10 june 2024

John Bjarne Grover

In my article on Gaudenzio Ferrari, under 'example #4' there is a discussion of Ferrari's 'adoration of the magi' relative to my TEQ #1492 which is poem #38 in book 15 'Gentlemen'. An amazing relevance there is in this artwork relative to my poem.


Higher resolutions available here


The parallelism is in three layers: The first two lines are the lower third - the retailers selling boots, for example, and the movement into the 'house'. In the mid layer is Jesus who will be 'tasted' in the last supper later in his life - while he here is getting something, the gifts from the magi. In the upper layer there is the dove who has wandered long, say, from above the heads of the animals to the right to the animals in the mid, and to the left is the monkey who wonders about the (scientific) method. This is all summed up in the signature 'Seven':

Now the interesting aspect is in the hebrew, which I also discuss in that article, although the links now are gone. Notably, the word

תיובתא = vomit, return, answer, reply, refutation, argument, going to and fro, waywardness

is interesting. It is seen how it could be taken to have an interpretation in the lower layer - the dwarf seems to be 'vomiting' the man's coat or jacket upwards, the retailer could be involved in 'return' of the boots, the kneeling magus is involved in answer, reply, refutation, argument - while the legs of the two men to the low left can be seen to perform the fourth sense from Jastrow's dictionary - 'going to and fro, waywardness'.



(Source pages 1663-1664)

However, it is seen that the mysterious artwork contains in fact also the elements of the minimal pair (cp. also the detailable/retailable) to the hebrew תיובתא in the form

תיומתא = twin, the central leaf of the palm branch; twin-sister, match, thick thread; molar tooth

The two men just to the left of Josef are 'twinned together' like a thick thread, one of them holds a feather 'leaf' on his 'palm branch', the head, thereby copying the dwarf who also has something like that on his head. There is even a third man who seems to attach something to his boot like the 'retailer' down right. Where is the molar tooth, though? Some people like to philosophize on Jesus as a 'lapis philosophorum' who has dropped down 'ex nihilo' from heaven, which is perhaps not so very interesting. What is it the dwarf holds in his hand? Is it a bird's nest or is it a circle of thick thread like the two men to the left? Whatever the solution to these mysteries, I notice this 'Götterfrucht' story - including the central leaf to the palm branch. Notice also the 'bird' (for the dwarf's bird nest of Ferrari) and the newsmaker's sons - by these news of the birth of Jesus. Even the boots (of my TEQ #681) are there. But where is the molar tooth? Did it fall down from heaven - like Raisi's helicopter on 19 may 2024?

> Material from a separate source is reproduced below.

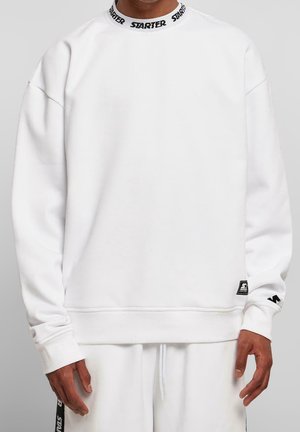 Mężczyzna w białej bluzie z napisem "STARTER" na kołnierzu, małą naszywką z logo przy dole oraz w białych spodniach z bocznym paskiem.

I had equipped the Ferrari article with references to Jastrow's hebrew dictionary - but it seem unfortunately that somebody has made difficulties for this very good online edition which I have used - and which made it possible to very easily look up words and make direct links to them. What happened to this good online edition? I hope it comes on the web again.




Sources:

Ferrari, Gaudenzio: I maestri del colore #133, Fratelli Fabbri Editori, Milano 1966.

Grover, J.: The Endmorgan Quartet. Venice 2008, Vienna 2014.

Jastrow, M.: Dictionary of the Targumim, Talmud Bavli, Talmud Yerushalmi and Midrashic Literature. Judaica Treasury 2004.

Talmud Bavli. Vol.7: Tractate Erubin. Artscroll series, Mesorah Publications 2005.

Talmud Erubin, the classic Vilna edition, El Hamekoroth, Jerusalem 1947/48.